_WHAT IS REQUIRED_:
Restate all data exactly. No images.

Start of COLLECTED MATERIAL

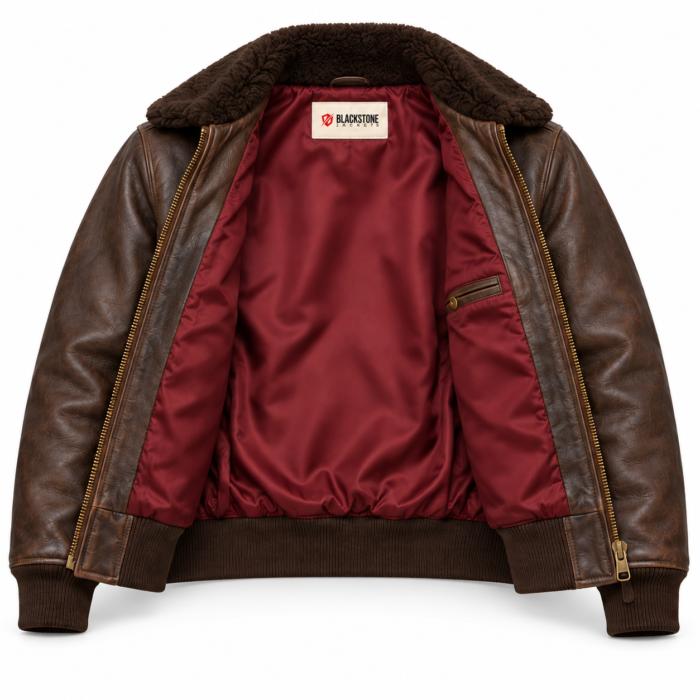 Bishop Seal Brown Men's G-1 Flight Leather Jacket | Blackstone Jackets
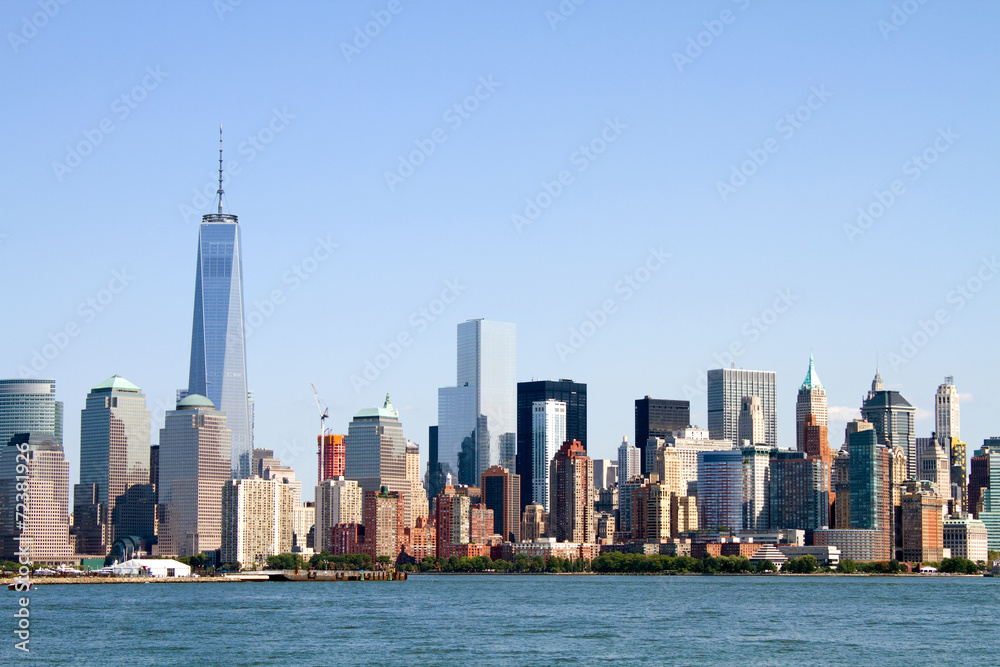 Obraz premium Lower Manhattan Skyline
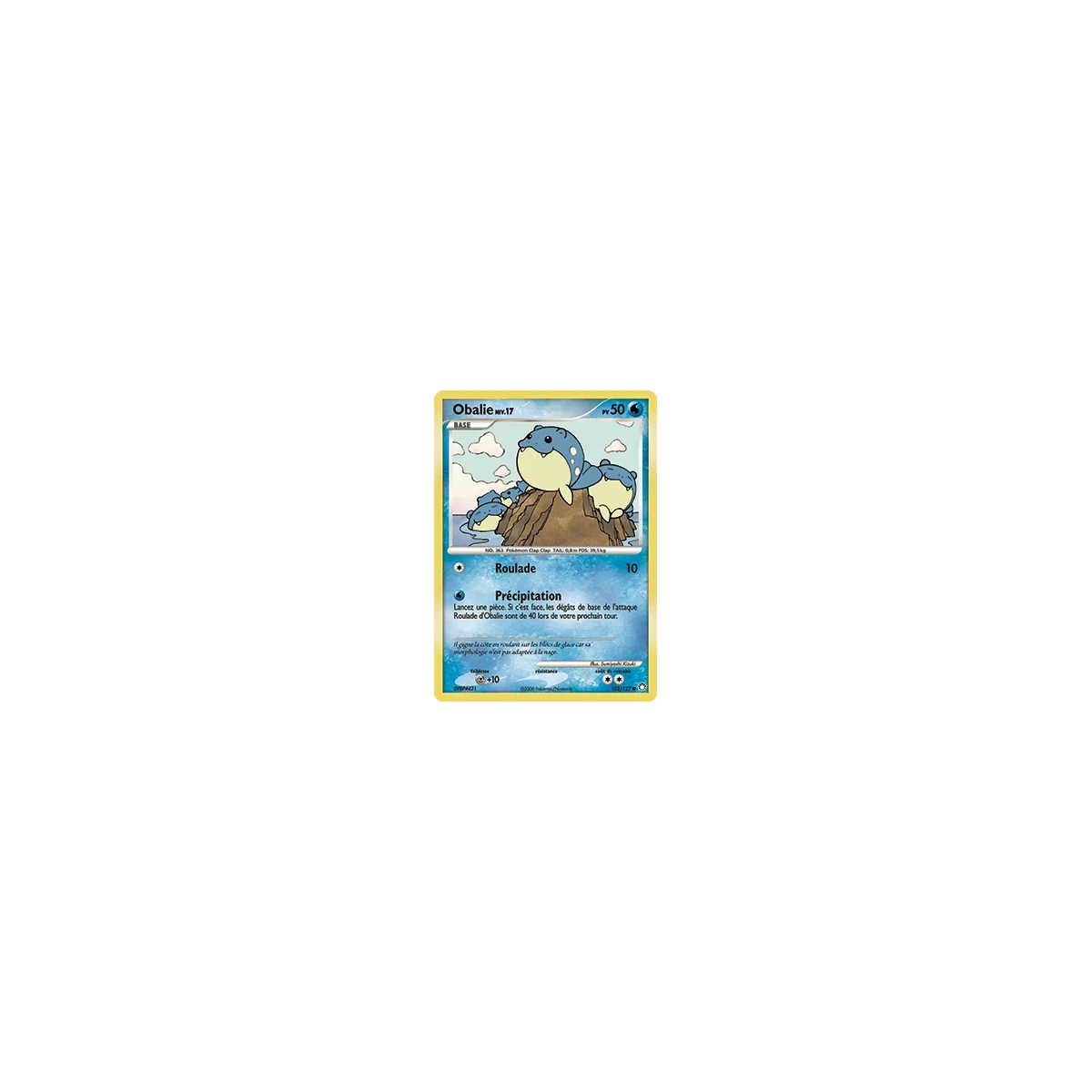 Carte Obalie - Commune (Brillante) de Pokémon Diamant & Perle Trésors Mystérieux 102/123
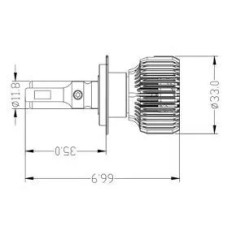 Комплект світлодіодних ламп Prime-X R Pro Н7 (5000K) (2 шт)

End of COLLECTED MATERIAL

_EXPECTED OUTPUT_:
 Bishop Seal Brown Men's G-1 Flight Leather Jacket | Blackstone Jackets
 Obraz premium Lower Manhattan Skyline
 Carte Obalie - Commune (Brillante) de Pokémon Diamant & Perle Trésors Mystérieux 102/123
 Комплект світлодіодних ламп Prime-X R Pro Н7 (5000K) (2 шт)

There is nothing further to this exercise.